El legado de padre a hijos y el futuro del país
En medio de las numerosas noticias de los entresijos de la cleptocracia que nos desgobernó sin piedad el recién pasado quinquenio, ha surgido un tema algo inusual: la complicidad de padres e hijos en el difícil arte de saquear los dineros de los contribuyentes.
Esa complicidad cobra mayor dimensión si, como sostienen algunos, es el factor que detona inesperadas confesiones y deseos de cooperar con la misma justicia que, en su momento, intentaron burlar.
Es decir, mas allá de los detalles del cómo, cuándo, cuánto se robó, quedan elementos profundos de la naturaleza humana que merecen reflexión.
Primero, lo inevitable de esa máxima del poeta Pedro Rivera que dice que “toda conducta humana es docente” y por ello es extremadamente difícil no aprender de nuestros padres (o tutores o quienes cumplan ese rol). De ellos aprendemos, precisamente más en el período (de cero a siete) en el que, según los entendidos, se forma lo que el ser humano adulto será el resto de la vida.
Los padres, intencionalmente o no, modelan nuestros principios éticos en la fase inicial con mucho más fuerza que la escuela, que los buenos o malos curas o la buena o mala televisión.
Y no digo que los hijos de hampones reciben clases o entrenamiento para tales. De hecho, muchos intentan alejar a sus hijos de su “desempeño profesional” y no todo hijo de tigre sale rayado, algunos logran a base a esfuerzo hacerse un camino radicalmente distinto.
Mario Puzo en su afamada novela, El padrino, llevada a la pantalla magistralmente por Francis Ford Coppola, se plantea esta cuestión cuando, de todos los hijos de el capo Vito Corleone, el que más aprendió de su padre fue, precisamente, el menor y el que más distancia había puesto a los negocios de la familia (Michael).
Superada esta digresión literario-cinematográfica, volviendo al tema que nos ocupa, los padres no entendemos que, cuando nos robamos la luz roja del semáforo, usurpamos ilegalmente el derecho de pasar al que se le puso la luz verde del otro lado de la calle.
Es lo mismo que cuando compramos un certificado médico falso para evadir una responsabilidad o robamos la luz, el agua, el cable, en vez de pagar nuestras cuentas nos vamos al casino, o tiramos el refrigerador en el lote baldío o en la quebrada. Del otro lado, es lo mismo que el empresario que te vendió un apartamento que nunca fue o una casa que se rajó o nunca tuvo el parque, el comerciante que te vende un artículo defectuoso, el que no te paga las horas extras, el que se escuda en la letra chiquita del contrato, o gana licitaciones del Estado con sobreprecios a punta de coimas.
Todas estas conductas consagradas como parte de la “panameñidad” construyen oficiosamente una seudoética social a las que se suman la creencia de que el ocio es la mayor de la virtudes humanas, que ninguna “felicidad” es mejor que la que se compra con dinero, si es dinero rápido y fácil mejor, y que el consumismo es el paraíso que alguna vez nos prometieron todos los profetas de todas las confesiones religiosas.

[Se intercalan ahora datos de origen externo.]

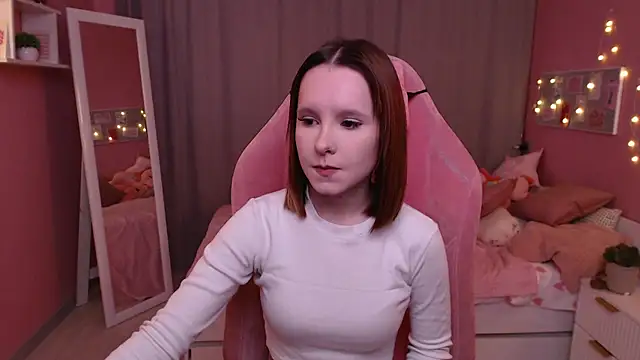 Snapshot of Haya_Harareet chatting on February 12, 2026, 7:47 am Haya Harareet online show from February 12, 2026, 7:47 am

Bajo esta visión hedonista y superficial se acabó el principio de que, para tener verdadero éxito en la vida hay que soñar y amar lo que sueñas, estudiar, sacrificarse, luchar, no importa la clase social de la que provengas.

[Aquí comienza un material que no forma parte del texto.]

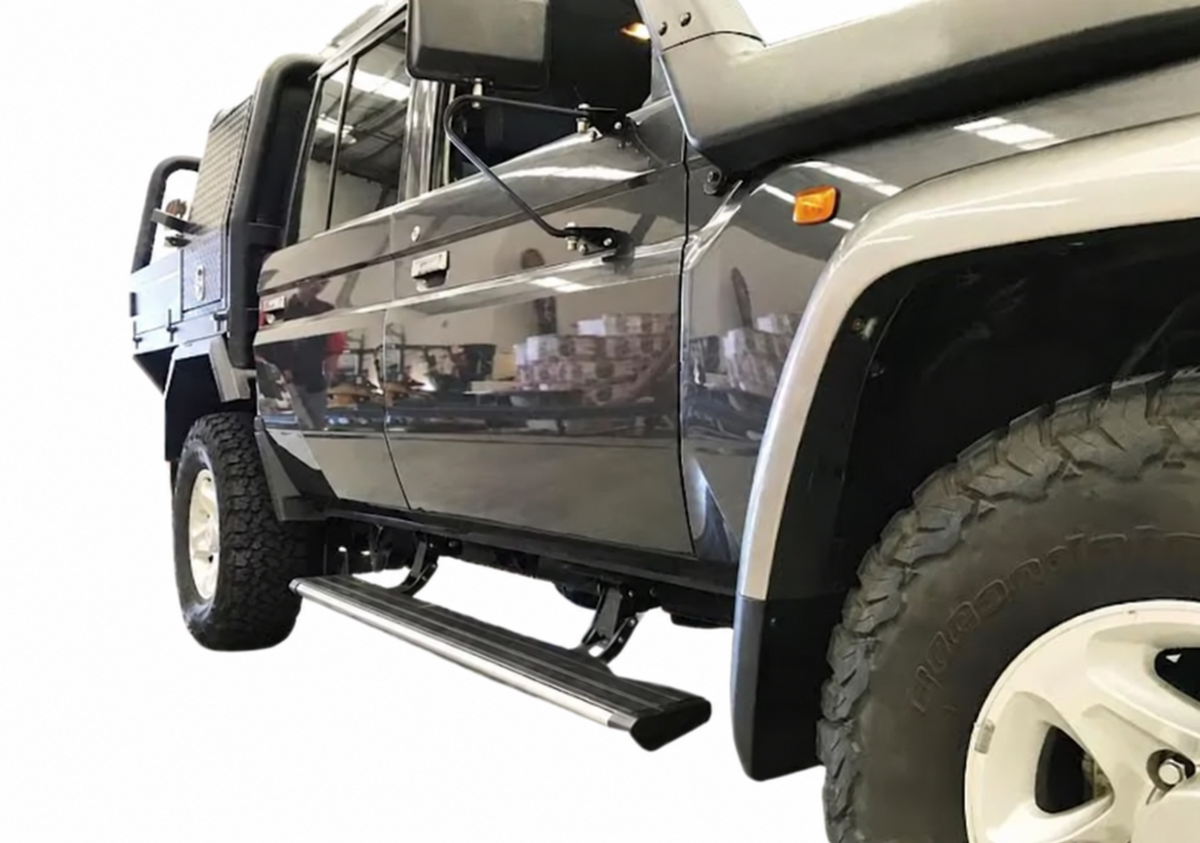 Toyota Land Cruiser 79 Series Electric Side Steps – Double Cab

Todos, pobres o ricos, tiene la culpa de la construcción de un imaginario que mas temprano que tarde se volverá contra todos. Muchos ricos que, al fin y al cabo, no son los que llenan los inframundos de nuestro sistema penitenciario, porque tienen los recursos para pagar abogados, fiscales o jueces piensan que se mantendrán a salvo, pero se equivocan, la violencia es hija de la sordidez de un mundo sin ética y la paz y convivencia social será lo primero que se pierda.